American presidential hopeful Bernie Sanders said on Thursday that he would soon be coming to Canada with a group of diabetics to buy cheaper insulin.

The Vermont senator said in a tweet that he planned to make the trip toward the end of this month.

Typically, a vial of insulin Type 1 diabetics need to regulate their blood sugar costs about US$340 in the United States, roughly 10 times the price in Canada.

“We can’t wait for drug companies to lower prices,” Sanders tweeted on Thursday. “Americans need relief now!”

Sanders, who has long targeted pharmaceutical companies for the cost of prescription drugs, made a similar medication trip to Canada in 1999. He has accused the industry of being antithetical to the interests of the American public.

“In 1999, I took working-class women, struggling with breast cancer, to Canada to buy the same medication for 1/10th of the price they were paying in the U.S.,” Sanders tweeted.

The Democratic presidential candidate’s campaign did not immediately respond to a request to discuss the trip.

According to CNN, Sanders and the diabetics will make the trip as part of his efforts to highlight the hardships some Americans face when it comes to drug purchases. The plan is to head to Windsor, Ont., from Detroit.

Late last month, a group of Type 1 diabetics from Minnesota crossed the border to buy insulin in London, Ont. One of the organizers, Quinn Nystrom, who was making her second such expedition, said insulin prices south of the border have skyrocketed in two decades.

“One in four Americans are rationing their insulin because they cannot afford it, so people are dying,” Nystrom, 33, said in a recent interview.

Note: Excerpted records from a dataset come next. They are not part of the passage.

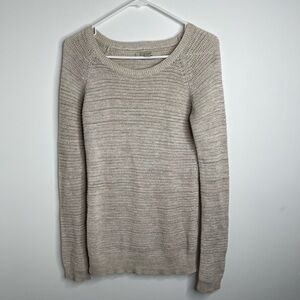 LOFT Light Beige Crew Neck Sweater size XS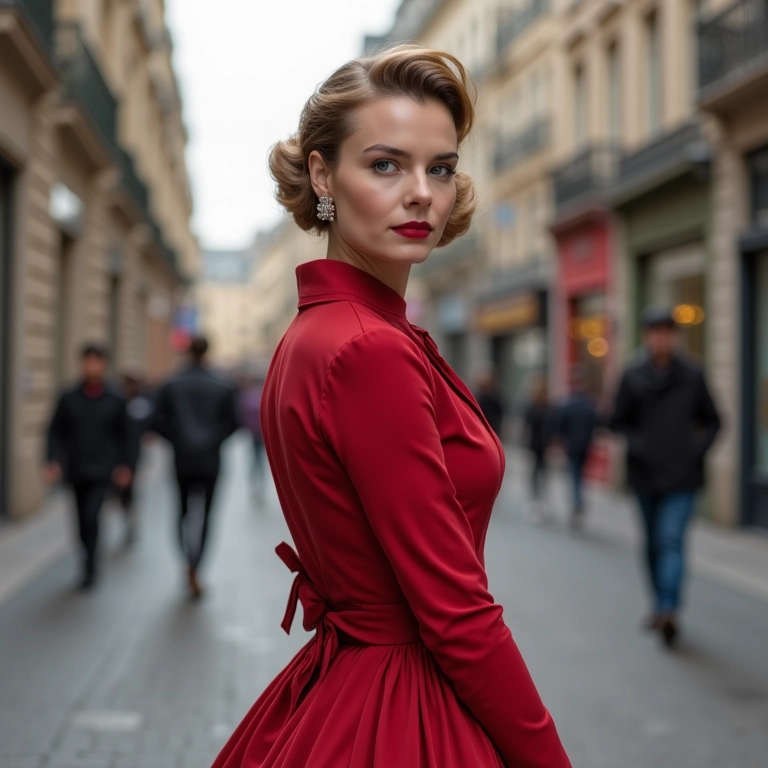Mulher elegante vestindo um icônico vestido Dior dos anos 50 em uma rua charmosa de Paris.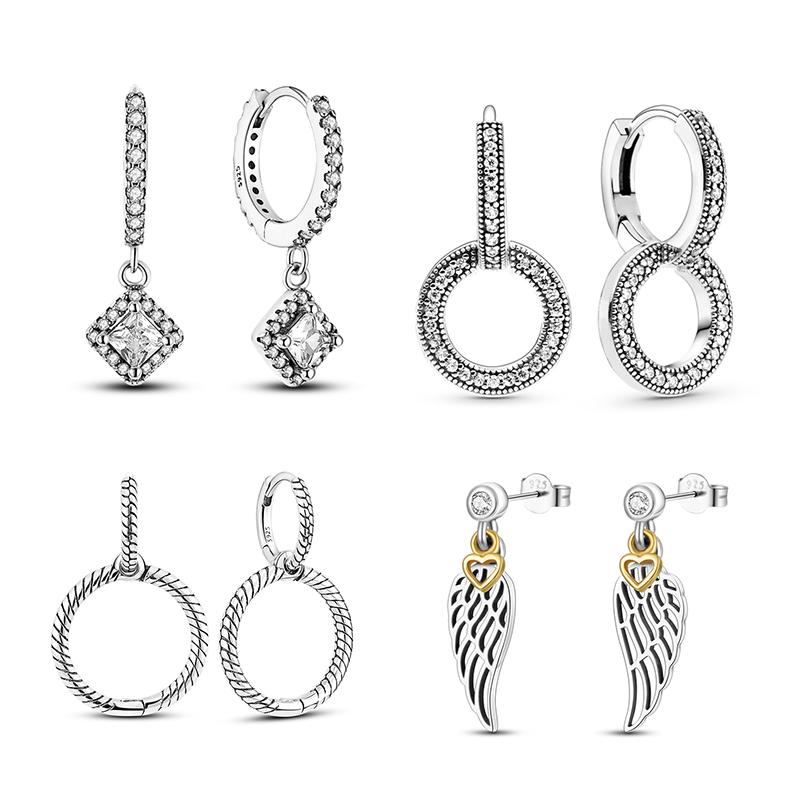 

Hoop & Huggie Silver 925 Double Circle Round Earrings S925 Feather Original Brand Minimalist Jewelry For Women Pendientes MujerHoop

Current rules allow Americans to take home a maximum three-month personal supply of medicines bought in Canada, and four states – Florida among them – have passed legislation allowing for wholesale or individual imports of medications. Because insulin is non-prescription in Canada, there is no tracking mechanism of how much might be heading south.

Although still relatively small-scale, the drug tourism has sparked concerns in Canada.

Barry Power, a senior director with the Canadian Pharmacists Association, has warned of potential disruption if large numbers of Americans flood the Canadian market and called on the Canadian government to look at the issue. A spokeswoman for the federal health minister said the government was monitoring the situation.

Canada, in line with other industrialized countries, regulates drug prices through the quasi-judicial patented medicine prices review board whose mandate is to prevent gouging. Market forces operate in the U.S.

In an interview with CNN on Thursday, Sanders attributed the rising cost of drugs in the United States and the disparity with prices in Canada to the difference between the health-care systems in the two countries.

“Canada has a nationalized, single-payer system that allows them to negotiate much better prices with the drug companies,” Sanders said. “In our country it is a much different story.”